La santé au travail à l’heure de l’organisation hybride

Déjà réformée en 2011 et en 2016, la santé au travail vient de connaître de nouveaux changements, suite à la loi du 2 août 2021, entrée en vigueur le 31 mars 2022.

La formulation générale des obligations de l’employeur, établie en 1991, ne change pas : il continue à devoir prendre « les mesures nécessaires pour assurer la sécurité et protéger la santé physique et mentale des travailleurs » (article L4121-1 du code du travail). C’est l’un de ses principaux devoirs, si ce n’est le premier.

Avec la crise sanitaire, cette obligation s’est faite à la fois plus pressante et plus complexe.
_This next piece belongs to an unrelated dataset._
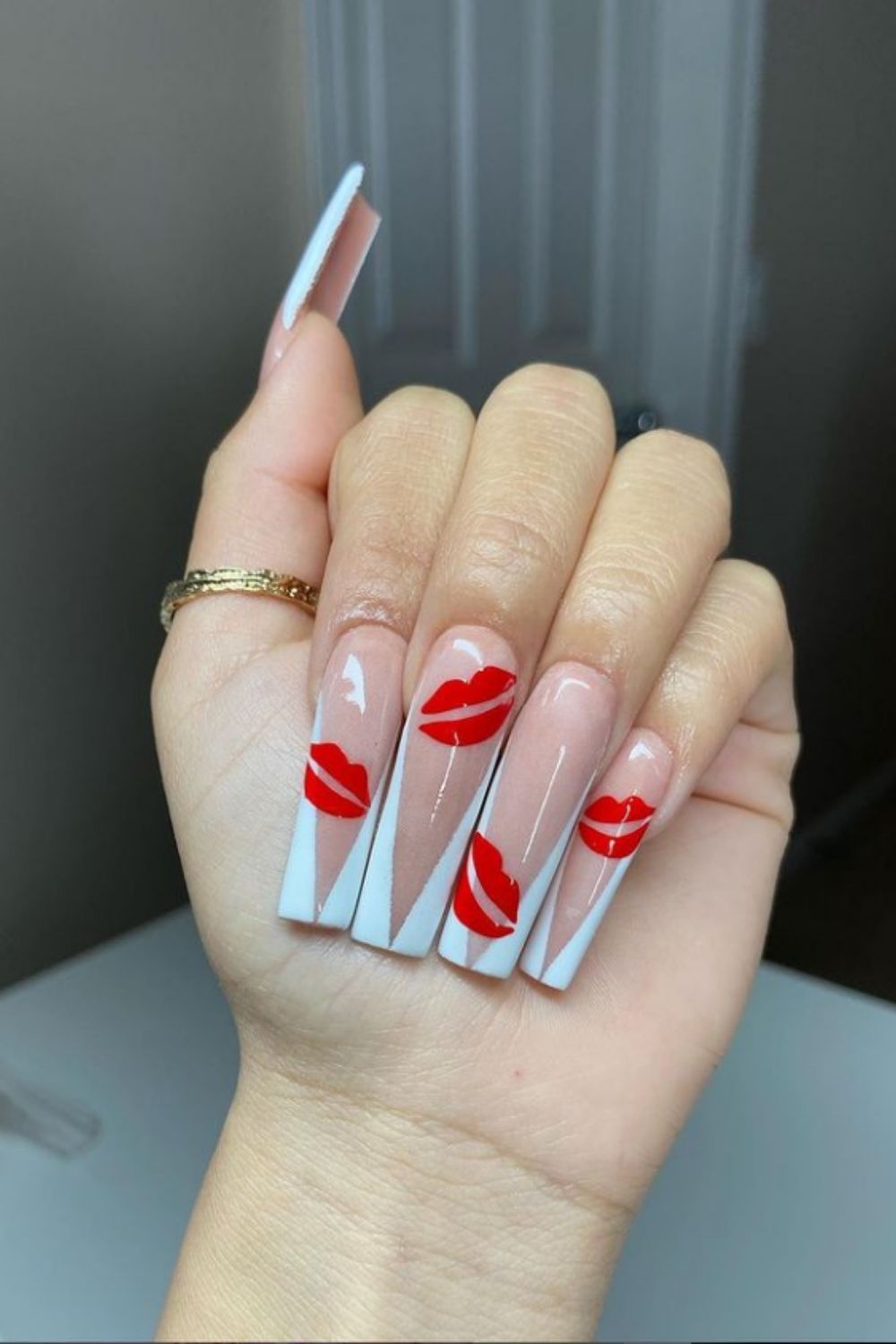French nails art with red lip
Le cadre de travail a souvent été repensé, la relation au travail également. Comment garantir la sécurité et la santé d’un collaborateur qui travaille à domicile ou dans un tiers lieu ? Comment intégrer la prévention et l’amélioration des conditions de travail à l’heure du flex-office ? Comment assurer la prévention des contaminations en période de pandémie ?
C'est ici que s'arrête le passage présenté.